- **PROMPT**: Everything in the entries below must be output exactly, apart from the pictures.
━━━
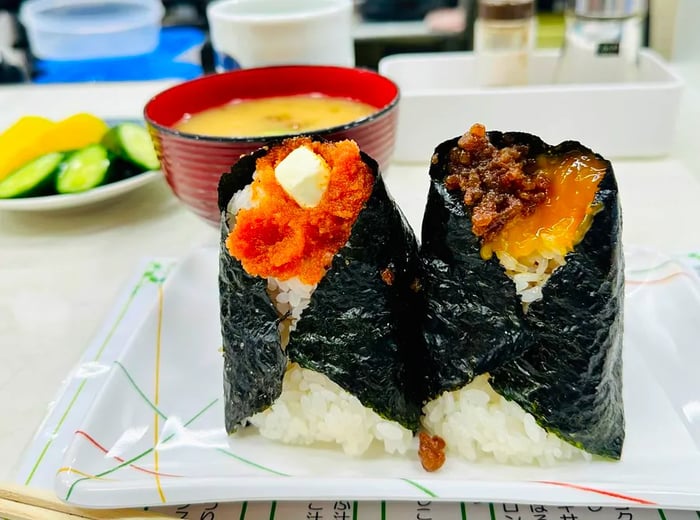 Two onigiri upright on a plate, showcasing vibrant fillings at the tops.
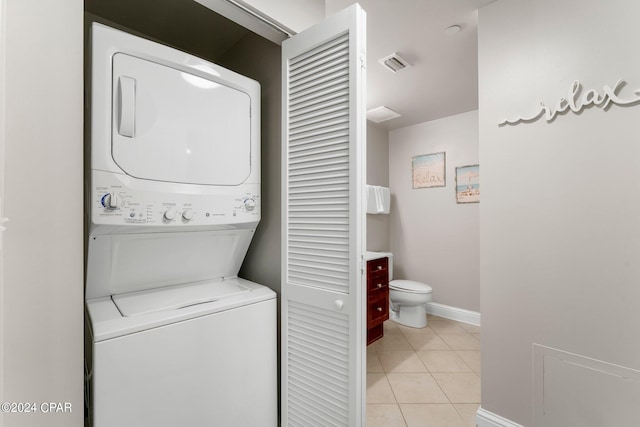 clothes washing area featuring stacked washer and clothes dryer and light tile floors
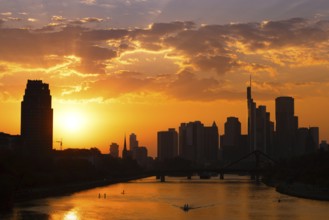 The sun sets behind the Frankfurt banking skyline, Frankfurt am Main, Hesse, Germany, Europe
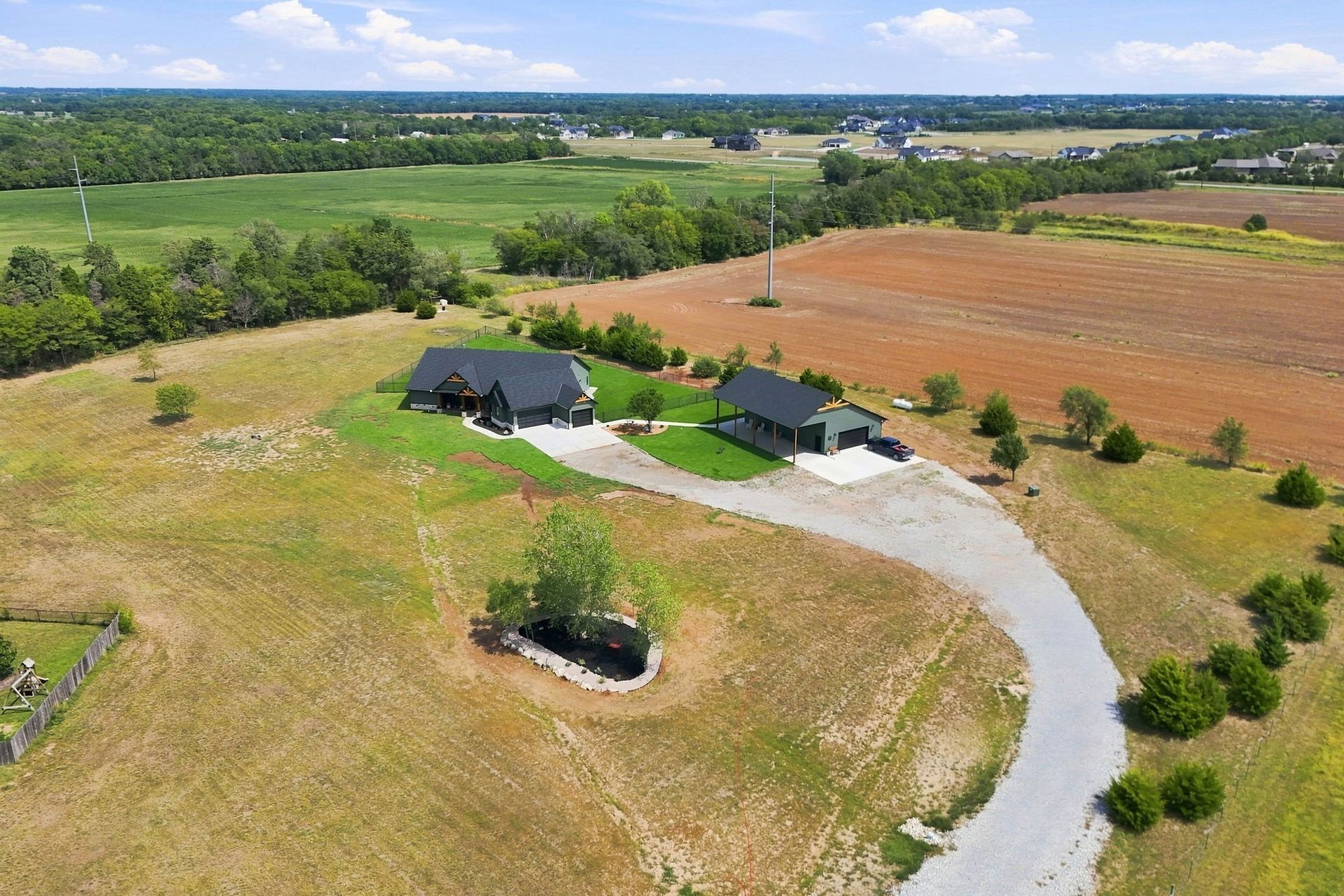 Aerial view of a rural house with a curved driveway, open fields, and trees under a clear sky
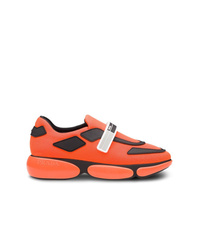 Женские оранжевые кроссовки от Prada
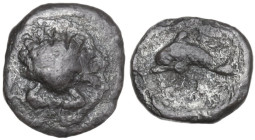 Greek Italy. Southern Apulia, Tarentum. AR 1/20 Stater, 325-280 BC. Obv. Scallop shell. Rev. Dolphin left. HN Italy 980; HGC 1 865. AR. 0.41 g. 8.50 m...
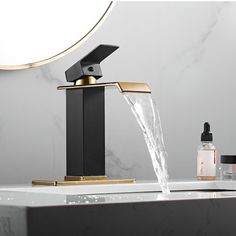 a faucet with water running from it in front of a mirror and other bathroom items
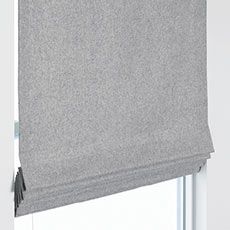 a window with a gray roller shade hanging from it's side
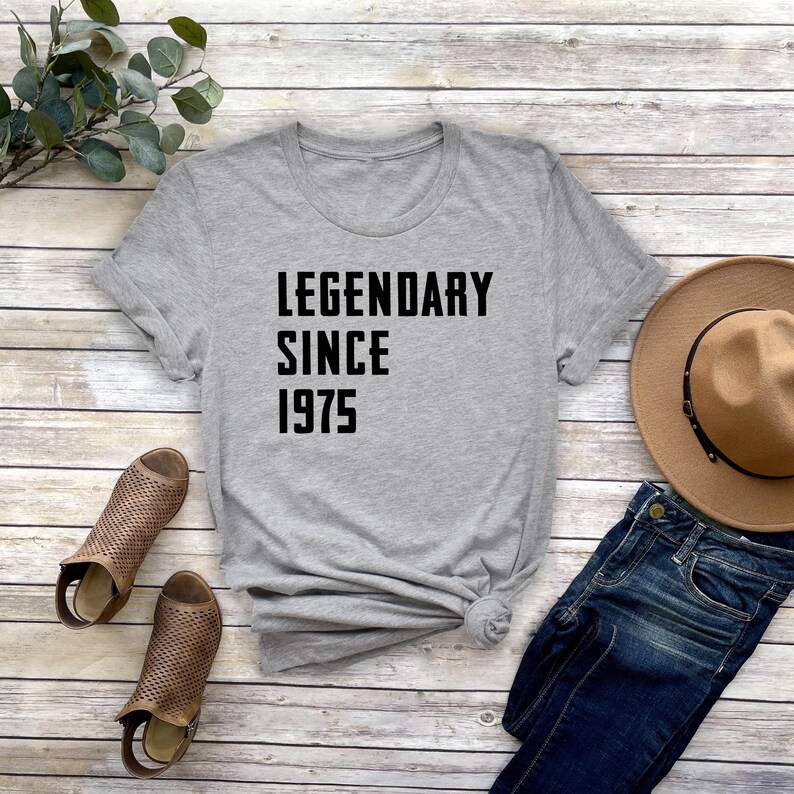 May include: Gray t-shirt with black text that reads "Legendary Since 1975".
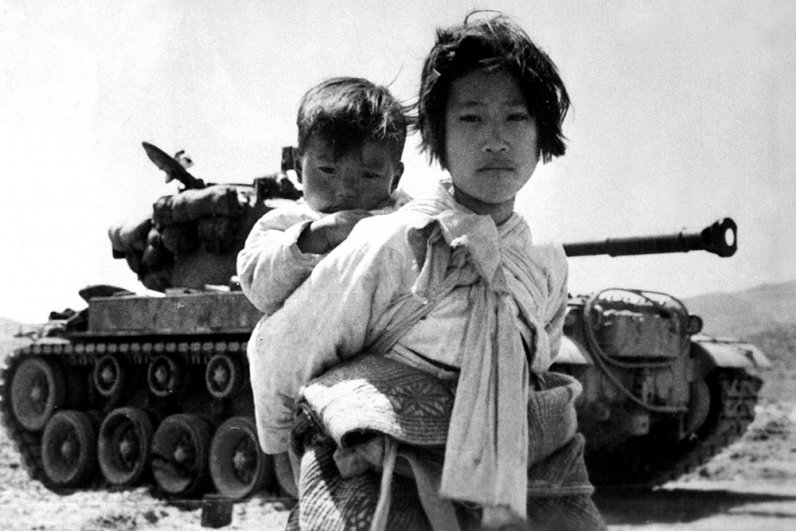 Со своим братом на спине корейская девушка стоит у подбитого танка М-46 в Хэнджу, Корея.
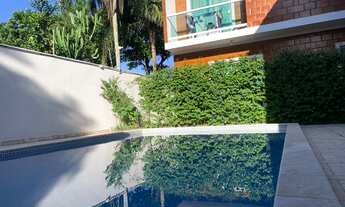 Imagem: Condomínio com piscina a 200 metros da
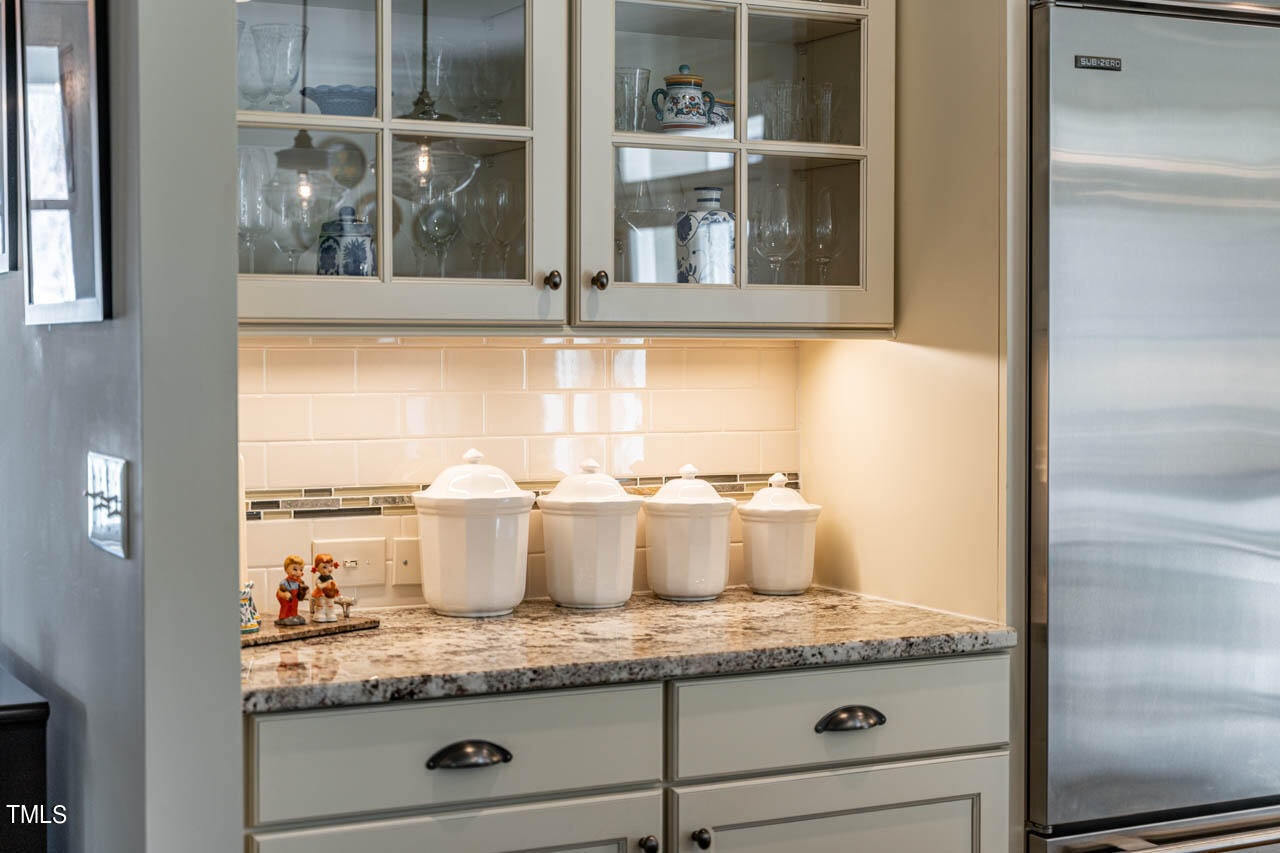 499 Bennett Mountain Trace Chapel Hill, NC 27516 - Photo 18 of 75 a bathroom with a granite countertop sink and a window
━━━
- **REPLY TO THE EXERCISE**:
 Two onigiri upright on a plate, showcasing vibrant fillings at the tops.
 clothes washing area featuring stacked washer and clothes dryer and light tile floors
 The sun sets behind the Frankfurt banking skyline, Frankfurt am Main, Hesse, Germany, Europe
 Aerial view of a rural house with a curved driveway, open fields, and trees under a clear sky
 Женские оранжевые кроссовки от Prada
 Greek Italy. Southern Apulia, Tarentum. AR 1/20 Stater, 325-280 BC. Obv. Scallop shell. Rev. Dolphin left. HN Italy 980; HGC 1 865. AR. 0.41 g. 8.50 m...
 a faucet with water running from it in front of a mirror and other bathroom items
 a window with a gray roller shade hanging from it's side
 May include: Gray t-shirt with black text that reads "Legendary Since 1975".
 Со своим братом на спине корейская девушка стоит у подбитого танка М-46 в Хэнджу, Корея.
 Imagem: Condomínio com piscina a 200 metros da
 499 Bennett Mountain Trace Chapel Hill, NC 27516 - Photo 18 of 75 a bathroom with a granite countertop sink and a window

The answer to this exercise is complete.